Data representation 7: Arenas and code representation

This lecture, we discuss arena allocators and the representation of code. Code representation serves as a bridge to our next unit, which is assembly programming.

Performance consequences of memory allocation

datarep7/mb0.cc

// allocate and free nodes `noperations` times
long counter = 0;
for (unsigned i = 0; i != noperations; ++i) {
    int pos = random_node_index(randomness);
    if (n[pos] == nullptr) {
        n[pos] = new node;
        n[pos]->contents = counter;
        ++counter;
    } else {
        delete n[pos];
        n[pos] = nullptr;
    }
}

20,000,000 node allocation/deallocation operations
- Up to 8,192 nodes allocated at a time
- Models tasks like tree building & freeing, etc.
mb0.cc uses a general-purpose memory allocator
- Can we speed it up?

Memory arenas

An arena allocator is an object whose purpose is to handle the allocation and deallocation of other objects
It can be faster than a general-purpose allocator because it can make assumptions about the objects it allocates
- Such as that they are all the same size
- Or that they will all be freed at the same time

Example

datarep7/mb1.cc

struct node_arena {
    std::vector<node*> scratch_;

    node* allocate() {
        node* n;
        if (this->scratch_.empty()) {
            n = new node;
        } else {
            n = this->scratch_.back();
            this->scratch_.pop_back();
        }
        return n;
    }

    void deallocate(node* n) {
        this->scratch_.push_back(n);
    }
};

1.96x faster on Mac OS X desktop (0.90s → 0.46s)

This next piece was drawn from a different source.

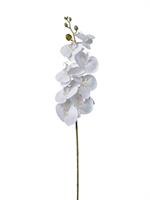 Ramo Phalenopsis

Libraries and abstraction boundaries

A library implements a contract called a specification
A specification imposes requirements on both the users of the library and the implementers of the library
If the user obeys their requirements, then the library must obey its requirements
It can be written in a formal language or in precise human language
Good software engineering practice
An allocator is a simple library; how would you write its specification?

struct node_arena {
    node* allocate();
    void deallocate(node* n);
    ~node_arena();
};

Allocator specification

struct node_arena {
    // Return a pointer to a freshly allocated `node`.
    node* allocate();

    // Deallocate `n`, which must refer to a live `node` that was
    // returned by a previous call to `allocate()`.
    void deallocate(node* n);

    // Free any storage used for allocated `node`s. All `node`s allocated
    // by this arena must be passed to `deallocate` before the arena
    // is destroyed.
    ~node_arena();
};

A specification can have many implementations

struct node_arena {
    node* allocate() {
        return new node;
    }
    void deallocate(node* n) {
        delete n;
    }
}

struct node_arena {
    std::vector<node*> scratch_;
    node* allocate() {
        node* n;
        if (scratch_.empty()) {
            n = new node;
        } else {
            n = scratch_.back();
            scratch_.pop_back();
        }
        return n;
    }
    void deallocate(node* n) {
        scratch_.push_back(n);
    }
    ~node_arena() { ... }
}

struct node_arena {
    node* allocate() {
        return new node[10];
    }
    void deallocate(node* n) {
        delete[] n;
    }
}

Per-allocation statistics?

Goal: Count how often each node is reused

Maybe some nodes are used more often than others

void print_uses() {
    for (auto n : ???) {
        printf("@%p used %zu times\n", n, ???);
    }
}

How to store per-allocation information

Store information in an external data structure
- Example: std::map<node*, size_t> uses_
- Advantage: Simple to think about
- Disadvantage: More expensive
Store information internal to each allocation
- Allocate more space than user requested
- Use the extra space for internal purposes
- Advantage: Speed
- Disadvantage: Complexity

Let’s add some numbers!

Number adder driver

datarep7/add.cc

#include <cstdio>
#include <cstdlib>
#include "hexdump.hh"

extern "C" {
int add(int a, int b);
}

int main(int argc, char* argv[]) {
    if (argc <= 2) {
        fprintf(stderr, "Usage: add A B\n\
    Prints A + B.\n");
        exit(1);
    }

    int a = strtol(argv[1], nullptr, 0);
    int b = strtol(argv[2], nullptr, 0);
    printf("%d + %d = %d\n", a, b, add(a, b));
}

This driver program reads two numbers from command line arguments and then prints their sum
- It parses the command line arguments (strings argv[1] and argv[2]) into integers using strtol
- Want to know what a library function does? Try man strtol
The add function is defined in another file, addf.cc

C++ `add`

datarep7/addf.cc

extern "C" {

int add(int a, int b) {
    return a + b;
}

}

(extern "C" tells the compiler and linker to relax about matching argument types.)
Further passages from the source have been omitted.